Thank you for the coaching. Yes, I am glued to the monitors when trading. Seemed to work but you get old very quickly doing that. I am going to do small live trades for a few months. If it works like the paper trades, then I will apply your suggestions and see if I could make it less burdensome. I started out with longer time frame. But the scheme has evolved into using a 1 min chart: An in-between of what some called scalping and day trading. You are correct, lower time frame like 1 minute chart gets very noisy, often lacks structure and not tradable. Everything is a trade-off.
you are too kind. actually those guys were right in a way. i was trying to understand Brooks and failed for 10-15 years. I basically had no clue what i was doing or even why i was doing it all my life i was trying to find ,what most people knew was futile, what the market is doing. this is really difficult to find out. But what Brooks said: the market does what the participants do. What do they do? they understand what they do and why they do it. what is it that profitable traders do? They buy low and sell high. yes i know you are laughing but that is what they do. Put it simply they recognize a trend. and trade it. so i have now found out, after 30 years of research, that do be a profitable trader, you must recognise a trend. those who gave me a hard time were right in doing so but they did not give me a solution. now there are as many trends as there are traders. if there is an up bar and its high is taken out, then you have a trend. now if you then have down bar and it's low is taken out, then you have a down trend. BUT if that downtrend does not take out the low of the first up bar then you have a MINOR downtrend or corrrection or pullback. if you continue this process or logic, you will see a few trends-a pull back is also a trend, a minor trend, which can always be traded for a scalp, albeit not always for a profit [!!!!!!!!] this way you will know when a trend has started , whether this is major... minor and what will then be the minimum target of that trend. AMEN.

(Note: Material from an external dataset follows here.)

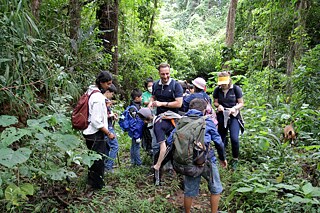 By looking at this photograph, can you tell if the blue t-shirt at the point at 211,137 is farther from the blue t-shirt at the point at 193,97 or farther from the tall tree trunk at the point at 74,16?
the tall tree trunk at the point at 74,16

stress comes from not understanding. there are trends on 5 min like there are daily or weekly trends. you see some people say ...'I am a trend trader!' Is there any other kind? there is no way you can buy low and sell high if you do not see a trend. you have [only] two options: sell first and then buy..... or buy first and then sell. third option is toss coin and forth option is guess
then you are not recognizing the trends ......... if you are losing money then you are not trading with the trend but against it. this is the only reason for losing trades. PS : I like BIG and RED
it is your choice. overtrading is not a problem by itself but you need a very high win rate above 85 % or so. making a lot of trades and not losing many means you have very high degree of market knowledge. Also if you trade big volume for small profit, brokerage becomes significant. if you trade 15 lots in ES for one point then you make 750 usd with a brokerage of 60 usd.[Topstep trader brokerage of 4 usd round trip] this is ok only if you do not lose.
@PPC, Fully test out your suggestion and approach will take up a lot of time but there are some simple tests I can do to test out using longer time frame. I decided to backtest the last several days of trading, using 1 min, 3 min, 5 min, 7 min & 10 min charts and my reversal scheme. In a perfect world, hindsight is 20/20, the longer time frame gave better profits, better, longer runs. However, the losses for trading in & out during choppy times were higher meaning the risk of ruin is higher. If my first priority is limit losses, I have to stay with 1 min. Your #1 to #6 is a completely different approach and require me to lay out a test plan. After my live trade experiment, I will work on it. PS: If I use the same logic, swing trade will give even better profits, in a 20/20 hindsight world. Did a few backtest and indeed true. The cum losses however were large and I don't have a scheme to limit losses without missing opportunities. Sometimes I feel like it is all random and I have been fooled by randomness. Best wishes.
Upside flies benefit from vol-corr and lose to sticky D in index. This week is a prime example (where it fails) due to the risk of govt-shutdown. Sep29 figures: 25D put: 19% ATM: 16.3% 25D call: 14.6% You cannot assume that ATM vols will converge to the 25D figure on a touch due to macro/political risk unless a deal is made. IOW, do not mark down vol due to vol-corr when there is specific macro-risk. Generally, you can ignore the vol line when you're betting on pinning as the things are all gamma this close to expiration. When trading >1M out the vol-surface is dominant. So I tell people to focus on achieving neutrality when trading long flies (natural/vert-flies) with 1W-1M. Go with upside flies when trading vol-corr (absent known events), and narrow OTM diagonals (locally long gamma) when trading into bear targets. Into macro? Wide ATM flies strangled (guts) say, 4310-4410 bull and 4230/4330 bear. You can see that the skew is fairly substantial as the call fly is the revenue side of the reversal (reflects down/out skew) shown by the large debit.